Before the first Cricket World Cup
The
first ever international cricket match was played between Canada and the United States, on the 24 and 25 September 1844. However, the first credited
Test match was played in 1877 between
Australia and
England, and the two teams competed regularly for
The Ashes in subsequent years.
South Africa was admitted to Test status in 1889.Representative cricket teams were selected to
tour each other, resulting in bilateral competition. Cricket was also included as an
Olympic sport at the
1900 Paris Games , where
Great Britain defeated
France to win the
gold medal.This was the only appearance of cricket at the
Summer Olympics
The first multilateral competition at international level was the
1912 Triangular Tournament , a Test cricket tournament played in England between all three Test-playing nations at the time: England, Australia and South Africa.

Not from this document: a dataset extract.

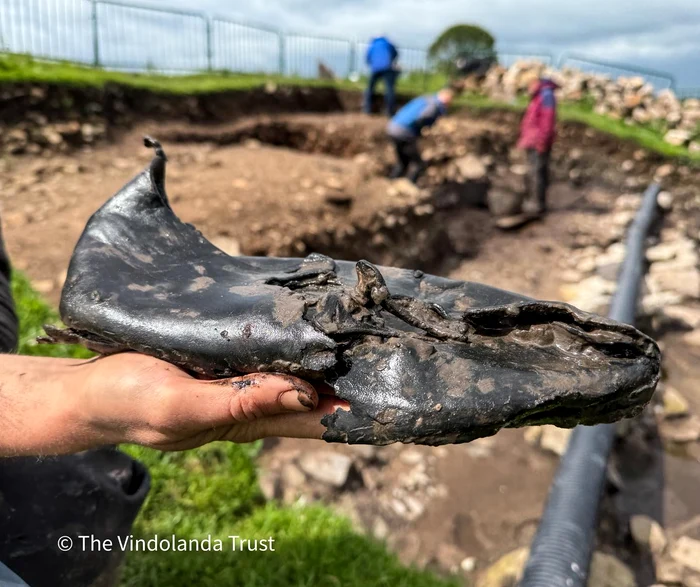 Cel mai mare pantof găsit în Fortul Magna. Foto: Facebook/The Vindolanda Trust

The event was not a success: the summer was exceptionally wet, making play difficult on damp uncovered pitches, and attendances were poor, attributed to a "surfeit of cricket". In subsequent years, international Test cricket has been generally been organised as bilateral series: a multilateral Test tournament was not organised again until the quadrangular
Asian Test Championship in 1999.
The number of nations playing Test cricket increased gradually over the years, with the addition of
West Indies in 1928,
New Zealand in 1930,
India in 1932, and
Pakistan in 1952, but international cricket continued to be played as bilateral Test matches over three, four or five days.
In the early 1960s, English
county cricket teams began playing a shortened version of cricket which only lasted for one day. Starting in
1962 with a four-team
knockout competition known as the Midlands Knock-Out Cup, and continuing with the inaugural
Gillette Cup in
1963,
one-day cricket grew in popularity in England. A national
Sunday League was formed in
1969. The first One-Day International event was played on the fifth day of a rain-aborted Test match between England and Australia at
Melbourne in
1971, to fill the time available and as compensation for the frustrated crowd. It was a forty
over match with eight balls per over.
The success and popularity of the domestic one-day competitions in England and other parts of the world, as well as the early One-Day Internationals, prompted the ICC to consider organising a Cricket World Cup.